> Description of the task
Once the pictures are set aside, copy the data below exactly as it stands.

> Supplied data
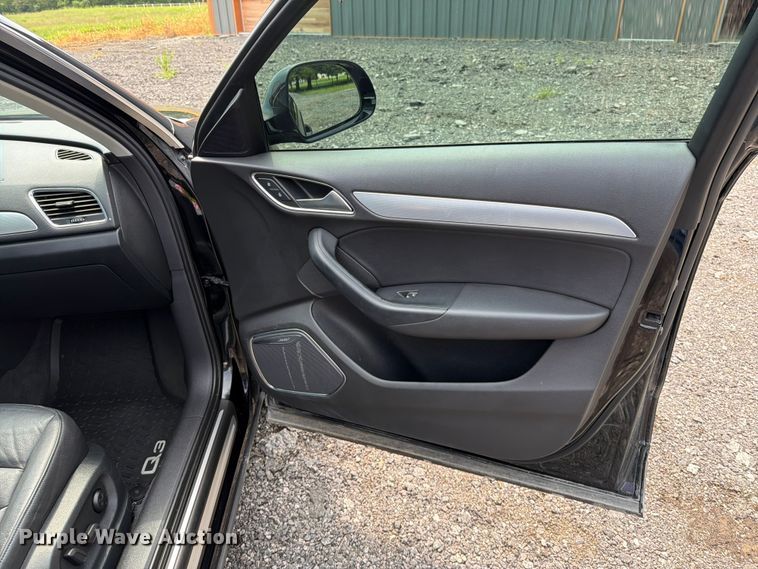 image for item EO8695 2015 Audi Q3 Quattro Prestige SUV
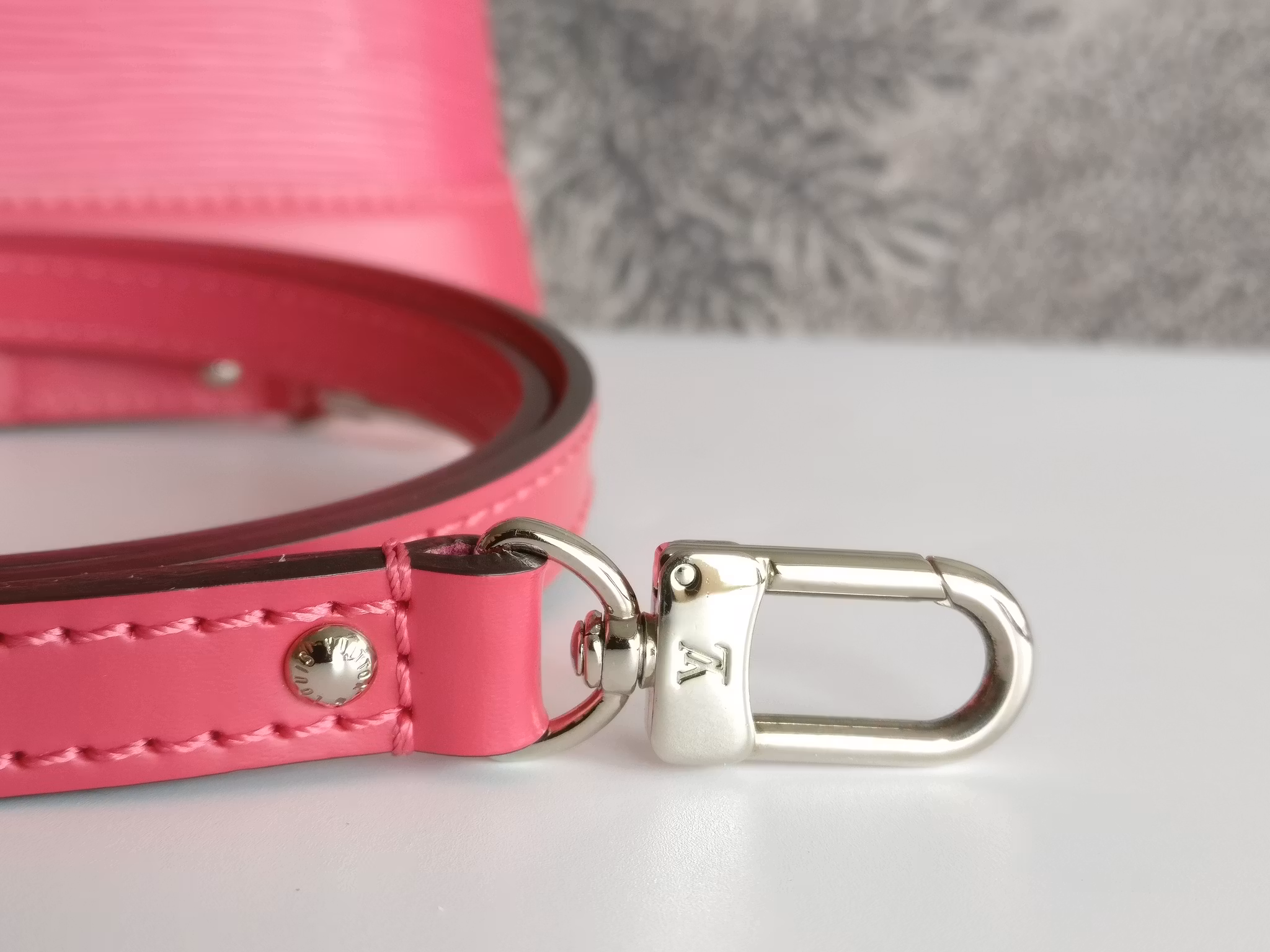 Louis Vuitton Alma BB epi
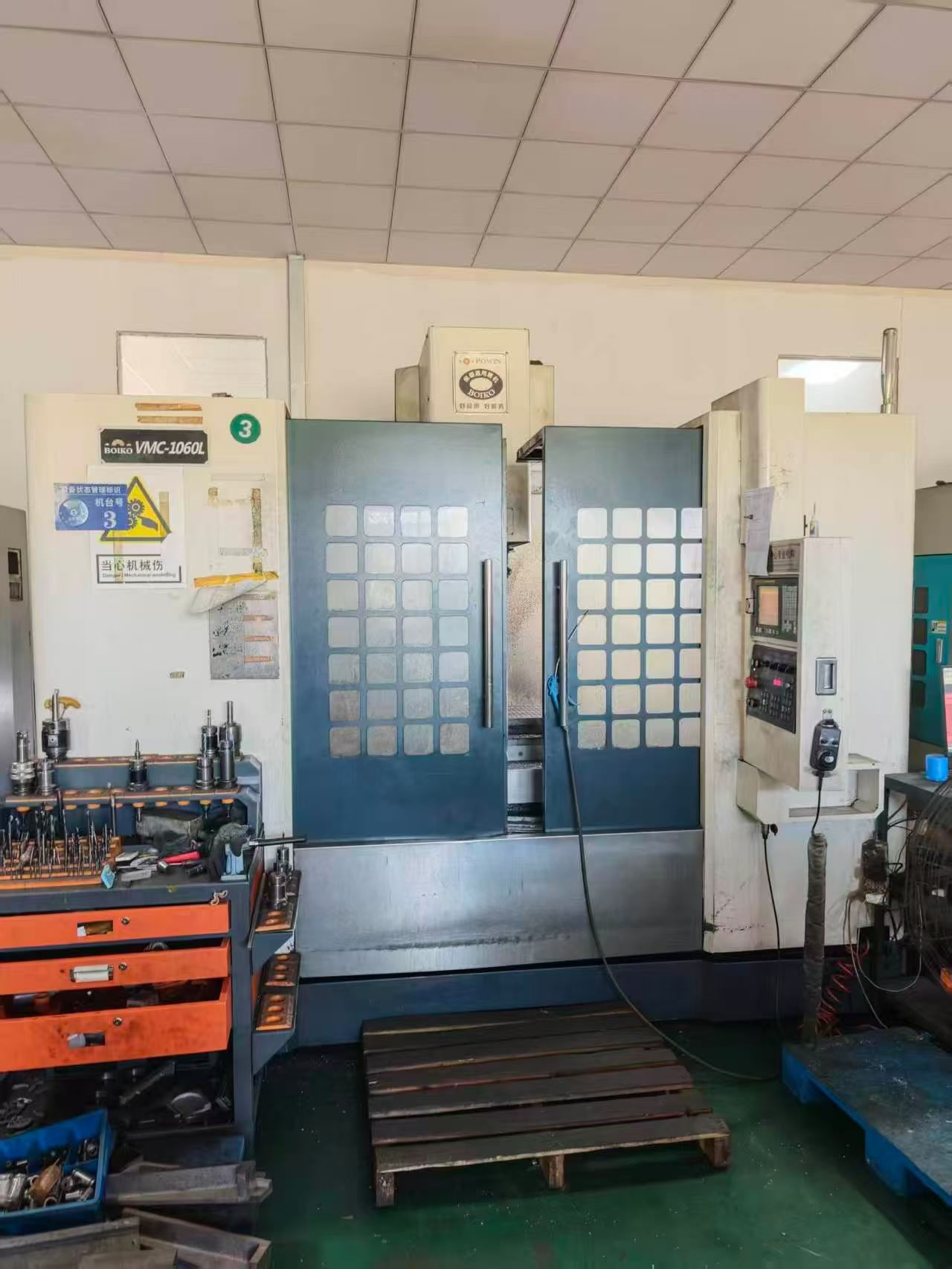 เครื่องกัดซีเอ็นซี Baoyin 1060 มือสอง พร้อมระบบควบคุม FANUC MD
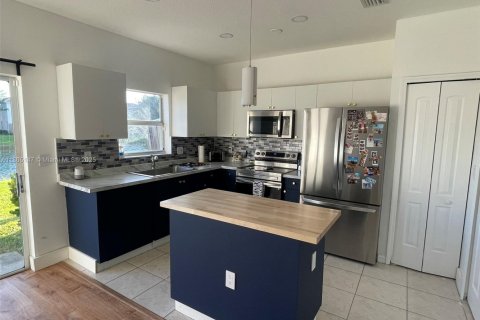 Touwnhouse à louer à Homestead, Floride: 4 chambres, 140.19 m2 № 1957667 - photo 10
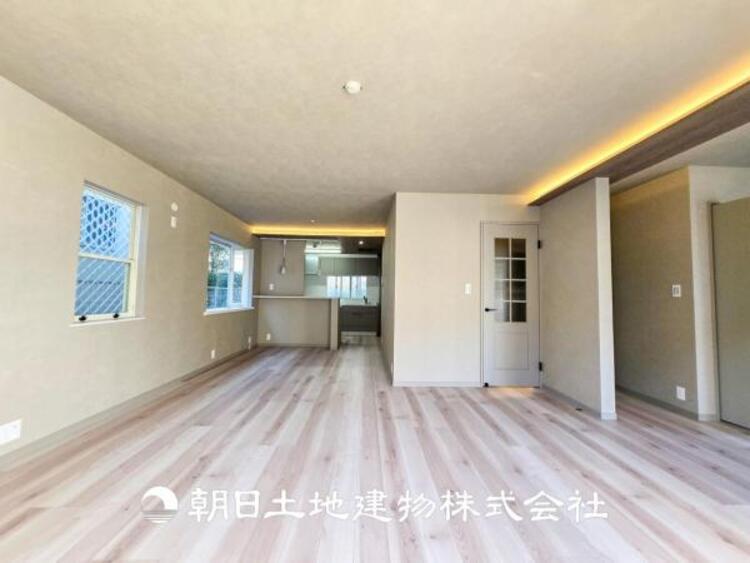 内装 人間の感性を育むプライベートルームはシンプルが１番だと思います。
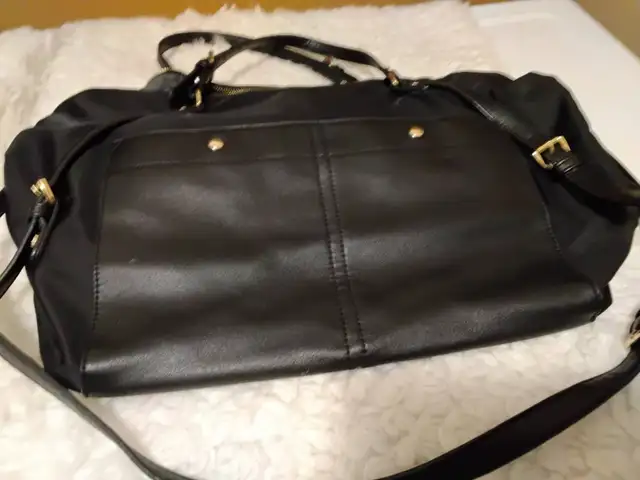 Designer woman bag new, practical beautiful in Women's - Bags & Wallets in Ottawa - Image 9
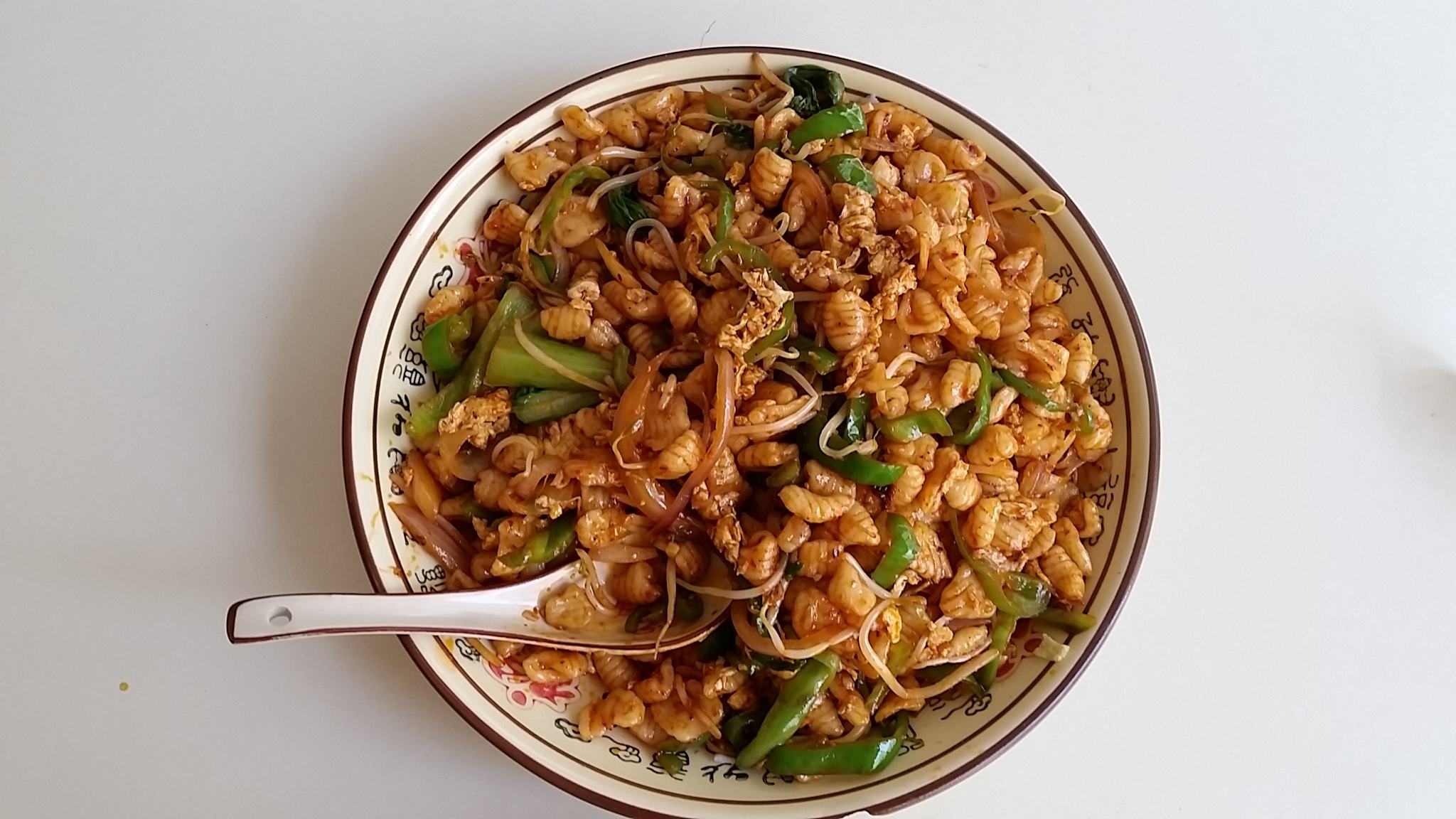 麻食(麻什)是起源于陕西关中地区的面食,懒人必备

> Result
 image for item EO8695 2015 Audi Q3 Quattro Prestige SUV
 Louis Vuitton Alma BB epi
 เครื่องกัดซีเอ็นซี Baoyin 1060 มือสอง พร้อมระบบควบคุม FANUC MD
 Touwnhouse à louer à Homestead, Floride: 4 chambres, 140.19 m2 № 1957667 - photo 10
 内装 人間の感性を育むプライベートルームはシンプルが１番だと思います。
 Designer woman bag new, practical beautiful in Women's - Bags & Wallets in Ottawa - Image 9
 麻食(麻什)是起源于陕西关中地区的面食,懒人必备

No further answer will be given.